Dataset items:
....................
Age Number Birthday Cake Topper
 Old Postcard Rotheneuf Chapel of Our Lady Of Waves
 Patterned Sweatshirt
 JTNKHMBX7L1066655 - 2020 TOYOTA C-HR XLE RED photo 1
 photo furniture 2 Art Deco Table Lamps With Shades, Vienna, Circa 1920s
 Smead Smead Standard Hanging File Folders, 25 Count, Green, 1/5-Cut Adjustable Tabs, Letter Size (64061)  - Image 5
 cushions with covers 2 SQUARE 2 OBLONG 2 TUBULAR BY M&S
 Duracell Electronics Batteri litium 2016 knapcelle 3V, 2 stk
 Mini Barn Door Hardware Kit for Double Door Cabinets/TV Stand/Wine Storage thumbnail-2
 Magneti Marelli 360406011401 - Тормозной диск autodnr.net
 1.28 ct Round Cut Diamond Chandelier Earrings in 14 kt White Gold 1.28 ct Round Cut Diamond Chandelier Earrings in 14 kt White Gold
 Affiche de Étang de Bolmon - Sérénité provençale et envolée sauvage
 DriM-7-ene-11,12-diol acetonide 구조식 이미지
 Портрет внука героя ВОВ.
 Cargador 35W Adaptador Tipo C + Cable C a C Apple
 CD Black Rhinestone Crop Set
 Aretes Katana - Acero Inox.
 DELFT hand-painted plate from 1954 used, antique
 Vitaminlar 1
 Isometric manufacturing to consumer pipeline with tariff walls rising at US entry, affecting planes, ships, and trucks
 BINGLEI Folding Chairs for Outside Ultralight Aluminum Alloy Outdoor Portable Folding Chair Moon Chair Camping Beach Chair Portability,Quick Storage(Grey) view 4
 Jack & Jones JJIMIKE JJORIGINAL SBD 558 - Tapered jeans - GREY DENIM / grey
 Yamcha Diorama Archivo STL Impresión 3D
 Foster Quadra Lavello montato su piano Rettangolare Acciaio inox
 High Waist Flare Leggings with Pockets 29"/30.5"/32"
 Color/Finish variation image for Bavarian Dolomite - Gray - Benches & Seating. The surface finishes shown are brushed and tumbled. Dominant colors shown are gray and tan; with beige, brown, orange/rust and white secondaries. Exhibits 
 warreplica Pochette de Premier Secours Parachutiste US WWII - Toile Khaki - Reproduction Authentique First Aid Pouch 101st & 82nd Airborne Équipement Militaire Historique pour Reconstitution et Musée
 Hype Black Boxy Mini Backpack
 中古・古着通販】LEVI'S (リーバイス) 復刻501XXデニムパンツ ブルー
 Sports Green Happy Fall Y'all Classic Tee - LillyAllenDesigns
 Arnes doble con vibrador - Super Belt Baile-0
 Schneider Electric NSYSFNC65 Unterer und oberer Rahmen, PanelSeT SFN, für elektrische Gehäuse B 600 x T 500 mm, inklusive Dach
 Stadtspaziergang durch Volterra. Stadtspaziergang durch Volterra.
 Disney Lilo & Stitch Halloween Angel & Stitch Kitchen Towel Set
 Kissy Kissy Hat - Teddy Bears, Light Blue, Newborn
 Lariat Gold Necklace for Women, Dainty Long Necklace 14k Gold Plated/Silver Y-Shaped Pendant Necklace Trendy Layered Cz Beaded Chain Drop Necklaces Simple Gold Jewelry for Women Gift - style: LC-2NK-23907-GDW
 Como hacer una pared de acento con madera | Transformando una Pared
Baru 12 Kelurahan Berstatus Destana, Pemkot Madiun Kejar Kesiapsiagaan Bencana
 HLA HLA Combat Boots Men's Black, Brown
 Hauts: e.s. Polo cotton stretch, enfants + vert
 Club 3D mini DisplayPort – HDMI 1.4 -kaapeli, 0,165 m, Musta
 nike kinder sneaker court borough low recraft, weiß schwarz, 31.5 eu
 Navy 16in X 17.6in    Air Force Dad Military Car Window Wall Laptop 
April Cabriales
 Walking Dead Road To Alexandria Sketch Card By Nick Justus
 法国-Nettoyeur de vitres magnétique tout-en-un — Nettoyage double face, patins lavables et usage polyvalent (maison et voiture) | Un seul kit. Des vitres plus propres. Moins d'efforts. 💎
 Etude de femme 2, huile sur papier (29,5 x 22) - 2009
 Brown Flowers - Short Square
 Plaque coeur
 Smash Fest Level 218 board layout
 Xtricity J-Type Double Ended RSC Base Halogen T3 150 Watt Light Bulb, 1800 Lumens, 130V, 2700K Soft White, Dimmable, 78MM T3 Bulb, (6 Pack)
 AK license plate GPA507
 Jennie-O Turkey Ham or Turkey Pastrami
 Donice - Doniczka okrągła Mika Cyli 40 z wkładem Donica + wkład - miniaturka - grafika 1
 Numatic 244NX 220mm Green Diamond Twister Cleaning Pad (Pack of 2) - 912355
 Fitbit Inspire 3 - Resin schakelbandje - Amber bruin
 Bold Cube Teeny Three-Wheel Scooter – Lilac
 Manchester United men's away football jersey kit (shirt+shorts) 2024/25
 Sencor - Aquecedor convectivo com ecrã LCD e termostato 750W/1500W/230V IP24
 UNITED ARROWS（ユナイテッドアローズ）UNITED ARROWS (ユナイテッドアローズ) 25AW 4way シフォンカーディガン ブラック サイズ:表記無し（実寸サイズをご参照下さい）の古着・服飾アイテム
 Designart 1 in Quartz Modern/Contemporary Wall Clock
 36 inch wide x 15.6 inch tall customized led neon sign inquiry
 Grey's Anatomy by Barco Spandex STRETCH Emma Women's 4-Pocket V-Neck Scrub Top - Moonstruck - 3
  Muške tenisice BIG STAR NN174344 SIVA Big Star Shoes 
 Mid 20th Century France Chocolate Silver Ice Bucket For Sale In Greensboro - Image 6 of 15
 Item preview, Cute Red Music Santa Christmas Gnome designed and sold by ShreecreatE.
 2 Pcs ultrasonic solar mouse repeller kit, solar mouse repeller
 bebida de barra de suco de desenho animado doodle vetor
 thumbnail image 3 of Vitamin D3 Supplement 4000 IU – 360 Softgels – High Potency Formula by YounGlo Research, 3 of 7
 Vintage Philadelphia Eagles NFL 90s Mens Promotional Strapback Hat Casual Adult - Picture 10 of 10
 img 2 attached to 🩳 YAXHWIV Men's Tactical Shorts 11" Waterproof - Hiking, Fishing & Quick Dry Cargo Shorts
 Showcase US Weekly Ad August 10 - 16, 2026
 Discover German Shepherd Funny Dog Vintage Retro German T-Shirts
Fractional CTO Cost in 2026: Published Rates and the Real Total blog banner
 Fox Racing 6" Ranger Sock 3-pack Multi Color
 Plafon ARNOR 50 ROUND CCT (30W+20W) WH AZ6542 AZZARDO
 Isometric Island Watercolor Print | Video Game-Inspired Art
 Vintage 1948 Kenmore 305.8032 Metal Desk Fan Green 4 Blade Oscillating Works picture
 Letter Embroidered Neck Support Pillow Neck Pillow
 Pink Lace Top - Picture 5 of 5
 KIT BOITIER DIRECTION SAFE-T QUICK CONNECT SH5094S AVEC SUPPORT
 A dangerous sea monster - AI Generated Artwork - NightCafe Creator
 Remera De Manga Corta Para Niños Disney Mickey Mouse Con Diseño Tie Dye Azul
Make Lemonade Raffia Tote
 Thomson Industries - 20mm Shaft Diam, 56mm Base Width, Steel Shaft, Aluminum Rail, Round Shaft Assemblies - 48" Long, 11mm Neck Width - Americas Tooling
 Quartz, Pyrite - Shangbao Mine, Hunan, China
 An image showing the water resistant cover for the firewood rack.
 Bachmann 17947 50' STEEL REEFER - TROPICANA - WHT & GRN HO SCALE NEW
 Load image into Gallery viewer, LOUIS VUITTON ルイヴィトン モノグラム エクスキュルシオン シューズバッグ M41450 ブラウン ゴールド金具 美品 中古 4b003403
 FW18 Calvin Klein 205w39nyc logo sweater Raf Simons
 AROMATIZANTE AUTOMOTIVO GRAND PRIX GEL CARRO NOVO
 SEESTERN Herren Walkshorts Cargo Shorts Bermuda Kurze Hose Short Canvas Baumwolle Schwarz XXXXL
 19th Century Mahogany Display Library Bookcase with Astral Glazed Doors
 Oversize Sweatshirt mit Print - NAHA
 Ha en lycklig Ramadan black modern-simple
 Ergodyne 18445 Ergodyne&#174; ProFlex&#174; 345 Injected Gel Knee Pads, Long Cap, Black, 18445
....................
From the records above, copy out the line with "Donice - Doniczka", the line with "Manchester United men's", and every line between them, word for word.

- Solution to this problem:
 Donice - Doniczka okrągła Mika Cyli 40 z wkładem Donica + wkład - miniaturka - grafika 1
 Numatic 244NX 220mm Green Diamond Twister Cleaning Pad (Pack of 2) - 912355
 Fitbit Inspire 3 - Resin schakelbandje - Amber bruin
 Bold Cube Teeny Three-Wheel Scooter – Lilac
 Manchester United men's away football jersey kit (shirt+shorts) 2024/25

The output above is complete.